Lab testing for IR horses shows elevated insulin concentration or abnormal changes in blood insulin or glucose concentrations when the horse is given extra glucose or insulin. Several tests have been developed to investigate IR. Your vet will be able to tell you which test is most appropriate in your case.
As always, prevention is the best cure. Feeding a proper diet, ensuring your horse gets plenty of exercise and maintaining a healthy body condition score of 5-6 all reduce the risk of your horse developing the condition.
However, if your horse is already insulin resistant, changing diet, increasing exercise levels (providing laminitis is not present) and arranging regular farrier visits is the best way to maintain quality of life and reverse any changes that have occurred. Feeding foods with a low glycaemic-index like beet pulp, and soaked grasses, also help to lower blood glucose and insulin. Your vet may also want to try your horse on medication, but normally the management changes are tried first.

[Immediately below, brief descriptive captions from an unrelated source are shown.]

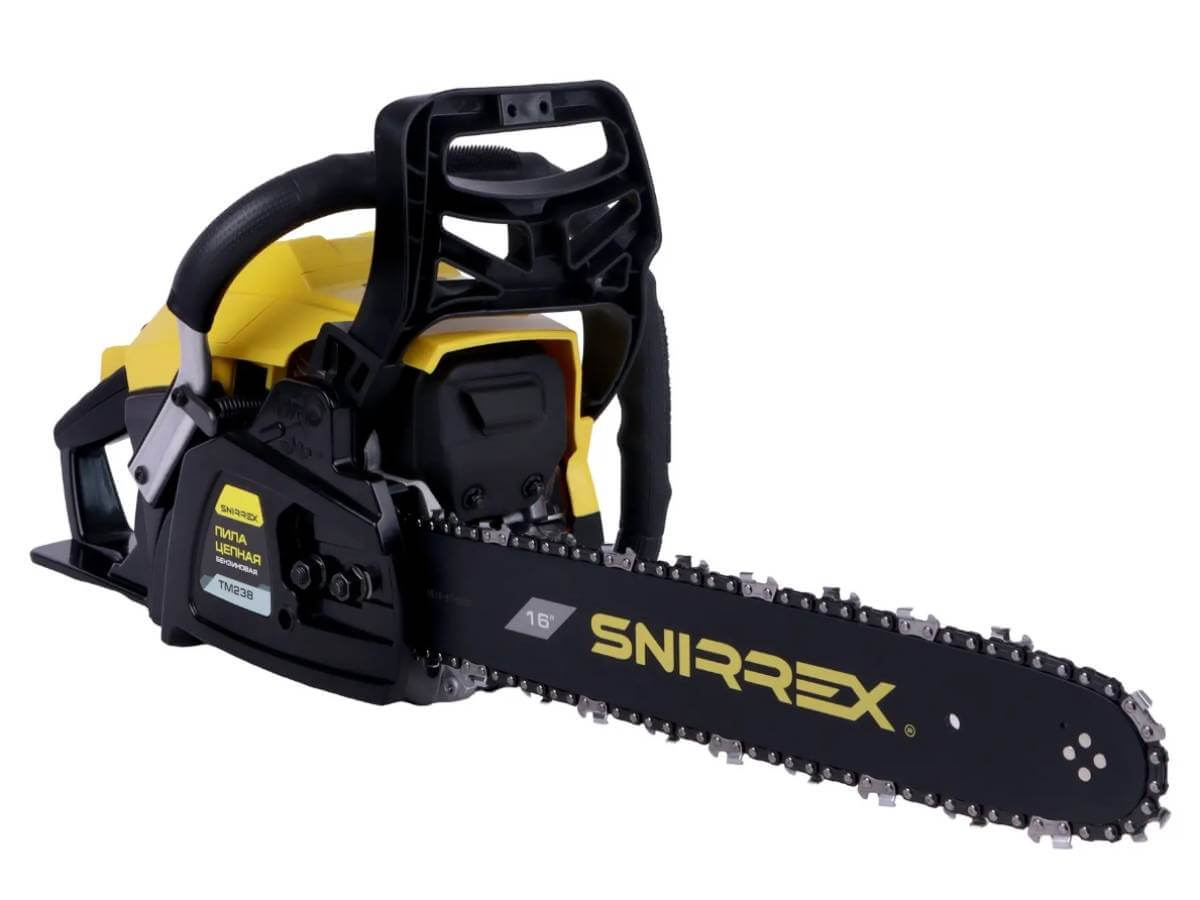 Бензопила Snirrex TM 358 18" 2,99 л.с., 7,5кг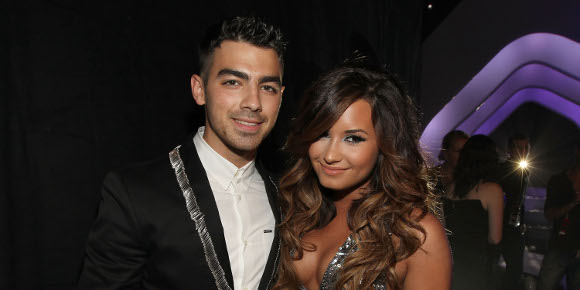 demi lovato e joe jonas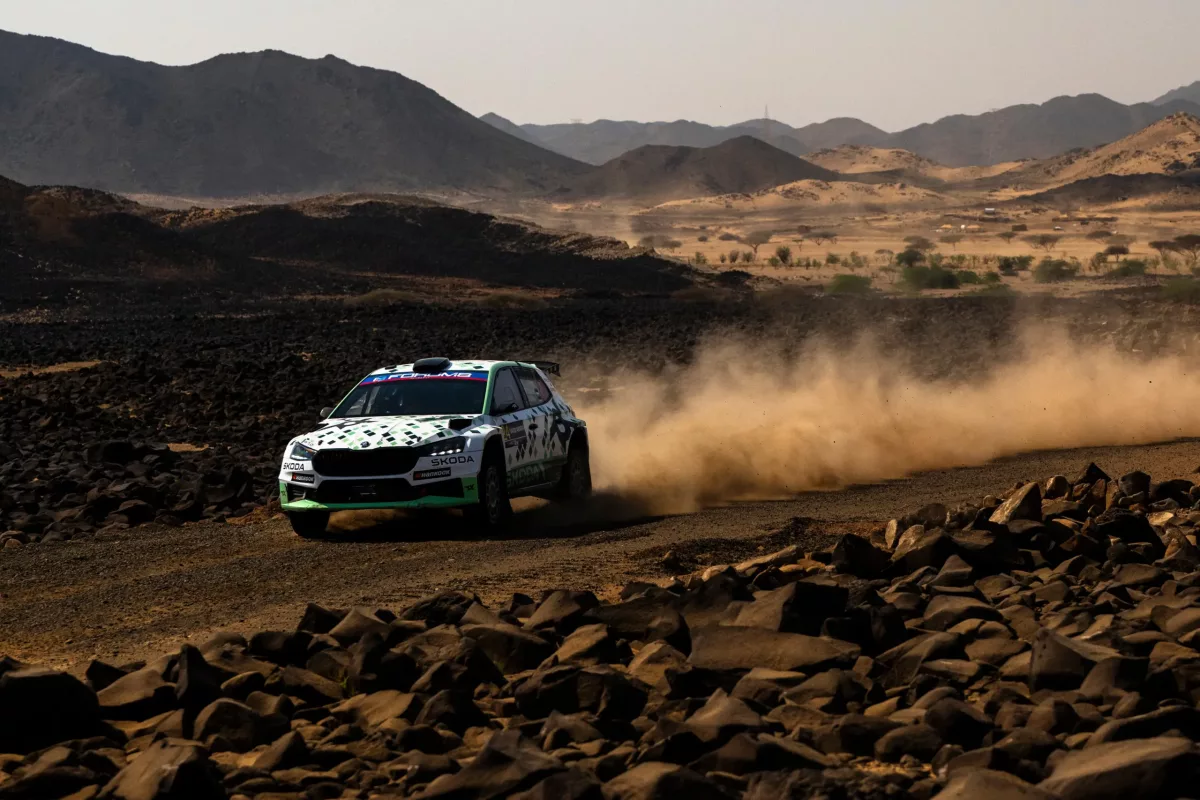 Virves, a junior világbajnok fenegyerek: a WRC2 kapujában tovább küzd az álmaiért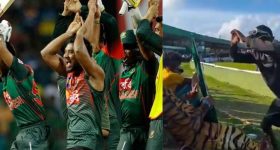 Bangladesh Nagin dance : నాగిని డాన్స్.. గ్రౌండ్ లోనే గంగలో కలిసిన బంగ్లాదేశ్ పరువు.. ఈ వీడియో చూస్తే నవ్వు ఆపుకోలేరు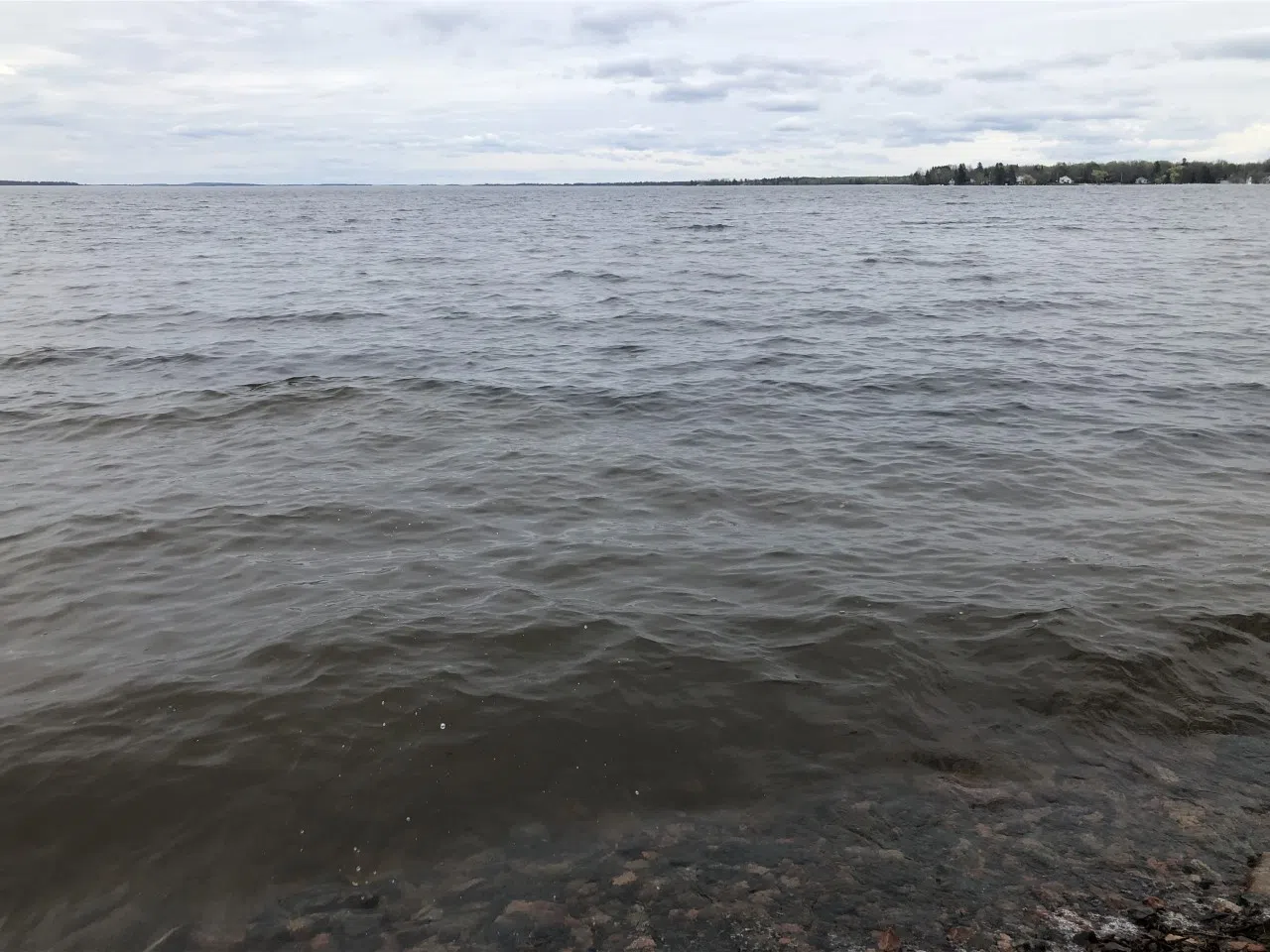 Lake Level Rise Slows But More Rain is Forecasted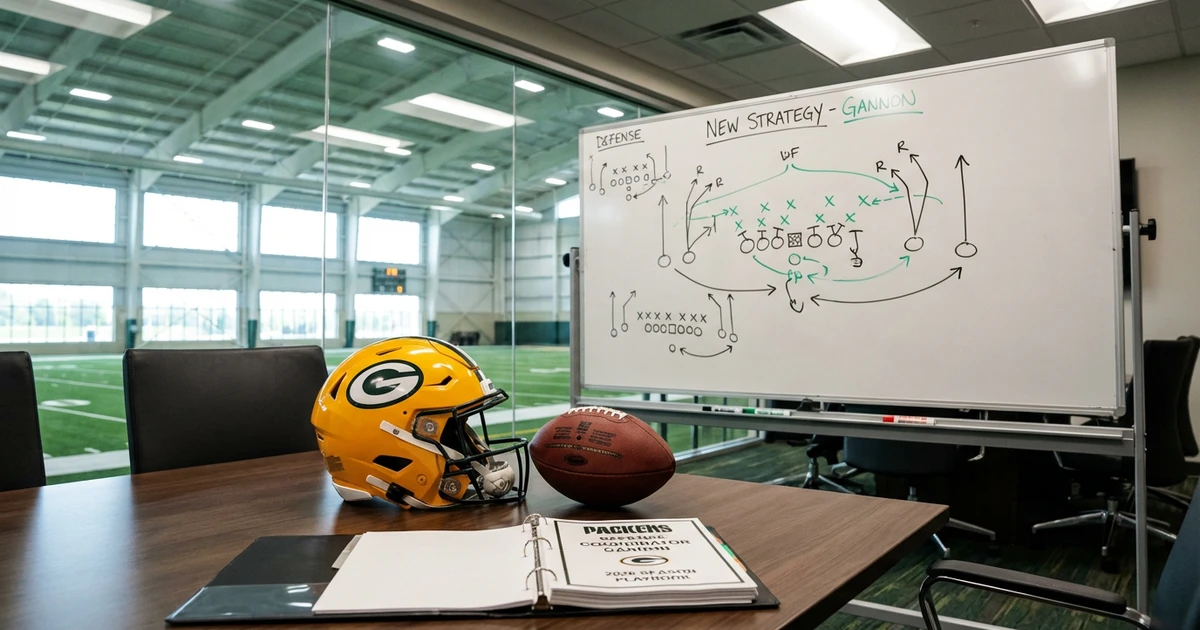 Packers Hire Jonathan Gannon as Defensive Coordinator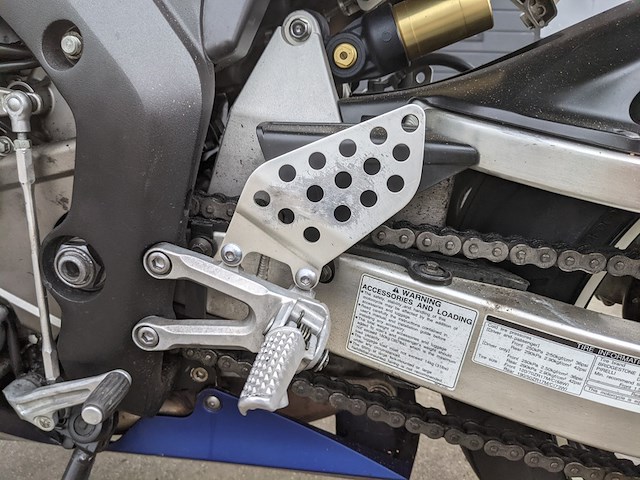 Motor, honda, cbr1000rr, 2005 - afbeelding 50 van  69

By adopting the diet and exercise levels accordingly, you should be able to keep your horse happy and healthy for many years to come.
The primary treatment of IR horses really is dietary. Horses with IR should be fed a low-carb, low-fat and mineral-balanced diet. Any concentrate feeds or time spent on lush pastures should be eliminated until all signs of the condition are totally absent and your vet feels your horse can be reintroduced to them with caution. It is important, however, to also note that whilst removing concentrate feed and access to lush pasture is essential, grass/hay should always be fed as usual. ‘Starvation measures’ like cutting the quantities of grass fed are not an option, and in fact the stress caused by these methods makes the insulin resistance worse. Horses and ponies need constant (24/7) access to grass as their digestive systems are designed for them to be trickle feeders. All grass must just be soaked first to remove the excess sugars, and perhaps fed in a slow feeder if obesity is a concern but removing grass for even brief periods is not an option.